Stoichiometry analysis

The stoichiometry of the complexes ligand pyridoxine with Ni(II) and Co(II) ions were determined by continuous variation method (Jobs method)[11,12]. Equip-molar concentrations (10-4 M) of a ligand and Ni(II) and Co(II) ions were prepared, and Job's method was applied by placing 1 to 9 mL of (10-4 M) pyridoxine solution into a series of 10 mL volumetric flask, followed by placing 9 to 1 mL of (10-4 M) Ni(II). These steps were repeated for Co(II) ion solution, and the absorbance was measured at the maximum wavelength.

The curve displayed maxima absorbance at mole fraction Xmax, showing the metal ions to ligands ratio of the formed complexes.
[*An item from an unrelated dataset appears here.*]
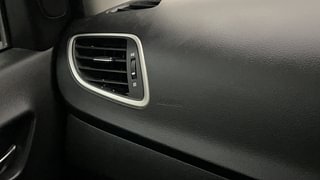 Used 2016 Maruti Suzuki Baleno [2015-2019] Zeta Petrol Petrol Manual top_features Airbags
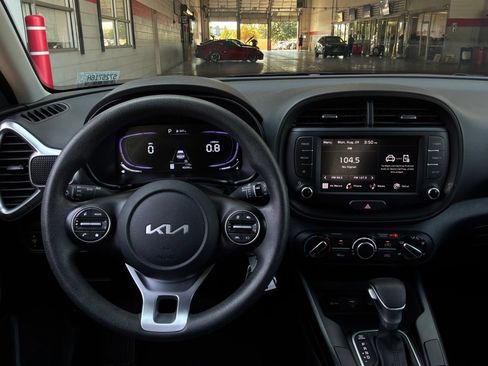 Used 2025 Kia Soul LX w/ LX Technology Package FWD image 13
More details are shown in Figure 1, which illustrates the Jobs method plot and proves that the stoichiometric ratio of (pyridoxine-Ni) and (pyridoxine-Co) complexes at 298 °K is (1:1) as in n = Xmax/1 -Xmax. Note that n represents the coordination number of the complexes, and Xmax represents mole fraction corresponding to the maxima absorbance.

Stability Constant (Keq)

The equilibrium constant can be calculated using the continuous variation method [13].
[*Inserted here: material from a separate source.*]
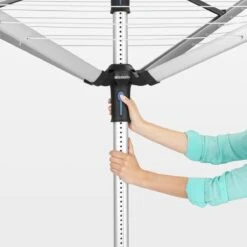 Brabantia Lift-o-Matic Advance Droogmolen Met Kunststof Betonanker, Beschermhoes En Wasknijpertasje - 50 M - Zilvergrijs -Brabantia 1200x1200 460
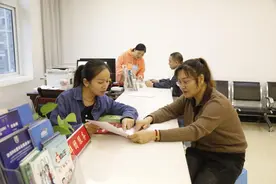 摘牌减负换新颜——重庆武隆全面整治基层“滥挂牌” 乱象图片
Metal (𝐼𝐼) + ligand 𝑎𝑔𝑒𝑛𝑡𝑠 [Metal - Ligand] complex

The reaction can best be characterized using equilibrium: (1) where Keq describes the stoichiometric stability constant which describes (Ni) and (Co) metals ion, and presents the pyridoxine as (ligand) [14].  [Pyridoxine - Ni] complex equation: The Concentration of the (pyridoxine -Ni) complex at the equilibrium [15].

Keq= [metal (𝐼𝐼) - ligand] complex / [metal (𝐼𝐼)] eq [ligand] eq                                                              (1)

Keq= [Amax / εl] / [C metal - Amax / εl ][ C ligand - Amax / εl]                                                (2)

Amax = the maximum absorbance of the complex; ε = molar absorptivity of the complex (L. mole-1. cm-1); l =1 path length. Cm; C metal = Initial concentration of the metal ion; Cligand =Initial concentration of amino acid.

[metal (II)-ligand) complex] eq = Absorbance(max)/ l                                               (3)

[metal (II)]eq = [metal (II)0 - [(metal (II)-ligand)complex]eq]                                              (4)

 [ligand]eq =[ligand]0 - [(metal (II)-ligand) complex] eq]                                                           (5)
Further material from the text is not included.